Although the combative Putintseva, who was playing in her second Roland Garros quarterfinal, was up a break early in the opening set, she was unable to serve it out in the 10th game. Instead, Keys rebounded and won the set in a tie break, 7-5, with a powerful backhand winner. She won on her fourth set point, and first on her own serve. Then, the American broke Putintseva in the seventh game of the second set to go ahead 4-3 and never faced a break point on her serve. She hit a service winner on match point to secure her place in Thursday’s semifinals.
Keys won 31 of 37 point opportunities on her first serve (83 percent), hit 30 winners and outpointed Putintseva 68-61.
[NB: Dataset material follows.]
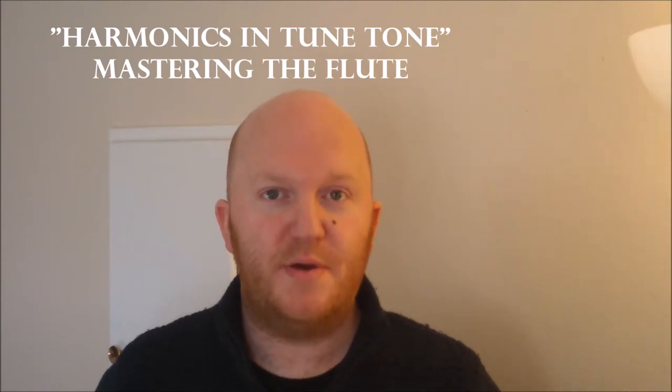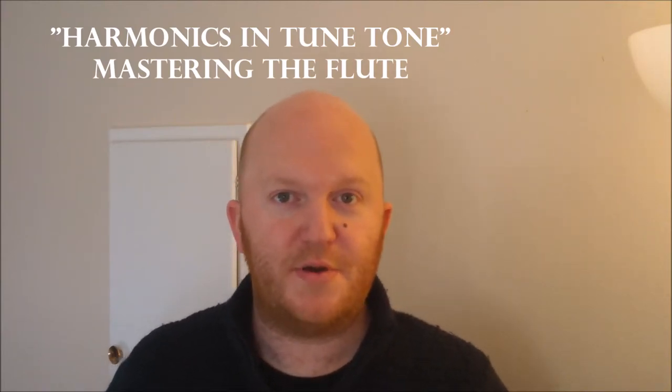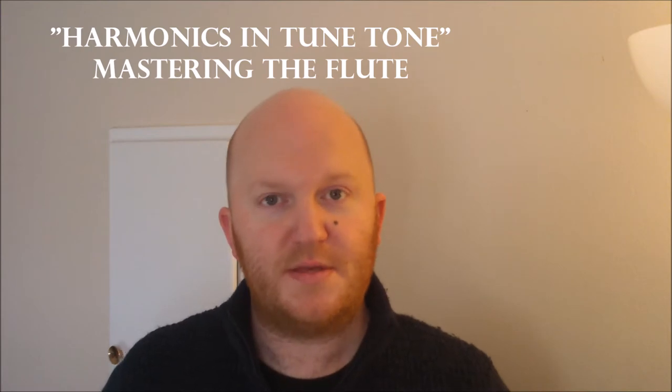Using the technique we learnt in pitch bending, we can now try to find a harmonics in tune tone. This is a sound which is very vibrant and rings nicely. It also projects well in any dynamic, so you can play soft, but with the harmonics in tune it will carry nicely to the back of a concert hall.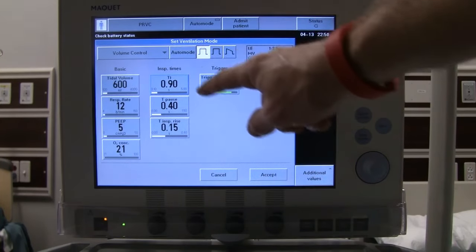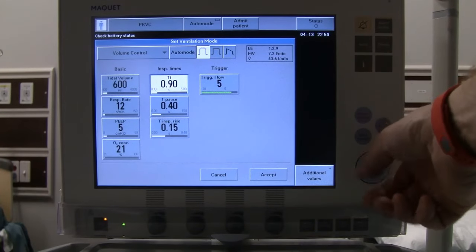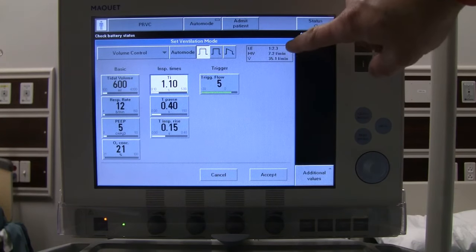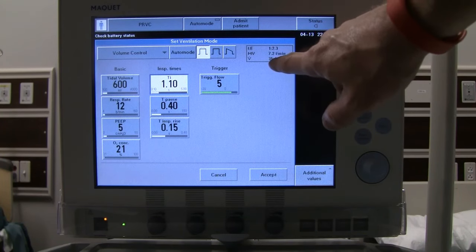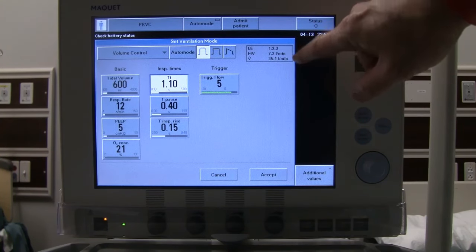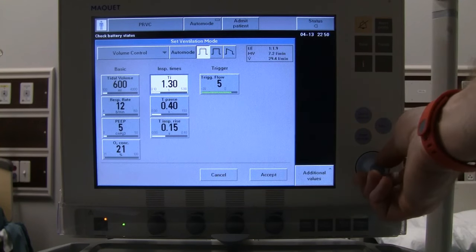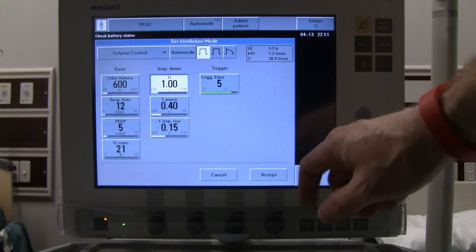We also have an I-time we can set here. As we adjust it, a small box in the top right updates to show our I-to-E ratio. There's also a minute ventilation based on rate and volume, and a flow setting. At facilities where flow is documented, you set your I-time and then read the flow from here. We'll set I-time at 1, which gives us a 1-to-2.6 I-to-E ratio.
With Tuesday’s win, which moves her up to No. 10 in the provisional rankings, it continued the 24-year-old’s streak of straight-set victories during this Roland Garros fortnight. Through her first five matches, Keys has not dropped a set. She has advanced to the second week of nine of her last 11 majors, and the 2017 U.S. Open runner-up has now reached the semifinals in three of the four Grand Slams.
In an on-court interview with Justin Gimelstob of Tennis Channel after her win, Keys was asked what has enabled her to become successful on clay. “I think, you know, every year I always struggle to find the balance between playing my game and being just a little bit more patient,” she said. “So, I think this year I have definitely found that sweet spot, and I’m happy to be in the semifinals.”
Asked what she’s learned from other deep runs in majors, Keys said, “Managing my emotions. I was really nervous out there today. More, just knowing how to manage my emotions and to remember to keep moving my feet.”